Paralelo a isso, segue se reunindo o Grupo de Trabalho destinado ao estudo do Regimento Interno. Como o diabo mora nos detalhes, cabe observar que, diferente de uma comissão especial ou permanente, o Grupo de Trabalho não está sujeito à regra de proporcionalidade partidária que rege os demais colegiados. Carregado de informalidade, no Grupo de Trabalho, cabe ao presidente, e somente a ele, apontar os membros de seu interesse, desrespeitando a premissa básica da proporcionalidade partidária em respeito ao voto do eleitor, que, nunca é demais lembrar, escolhe o partido antes de escolher o candidato no sistema eleitoral proporcional de lista aberta.

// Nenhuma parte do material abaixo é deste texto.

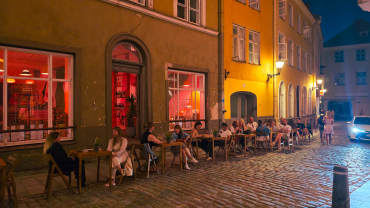Exterior of Veino wine bar, Tallin, Estonia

Some-se a isso a repentina mudança regimental que reduziu a possibilidade de intervenção da oposição (minoria) nas sessões do Plenário. Em qualquer lugar do mundo, o Parlamento é o lugar de garantir a voz e a possibilidade de intervenção das diferentes perspectivas. Também nunca é demais lembrar que, se a democracia usa o recurso da maioria para resolver contentas, é preciso vigiar para que a maioria não exerça uma ditadura sobre a minoria. Os instrumentos regimentais que dão voz a essas minorias são a melhor forma de garantir voz a todos e todas. No Chile, assim como em diversas Casas Legislativas estaduais dos Estados Unidos, dá-se chance à minoria organizada manifestar sua posição por meio da exploração do recurso mais escasso e valioso em qualquer Parlamento: o tempo dos parlamentares.

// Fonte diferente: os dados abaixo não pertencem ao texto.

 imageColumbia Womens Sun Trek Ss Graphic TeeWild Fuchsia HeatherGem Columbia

Assim, não basta conseguir uma base de votação, é preciso que essa base esteja coesa e comprometida a ponto de aguardar a votação por longas horas, pegar um avião de seu estado para comparecer ao Plenário ou renunciar a uma missão parlamentar que julgue menos relevante que a questão a ser deliberada na sessão. É certo que não cabe ao Supremo Tribunal Federal intervir em uma questão tão interna corporis como a definição dos votantes de uma sessão, mas não é preciso Direito, Teoria Política ou modelo para saber que não se mudam as regras no meio do jogo.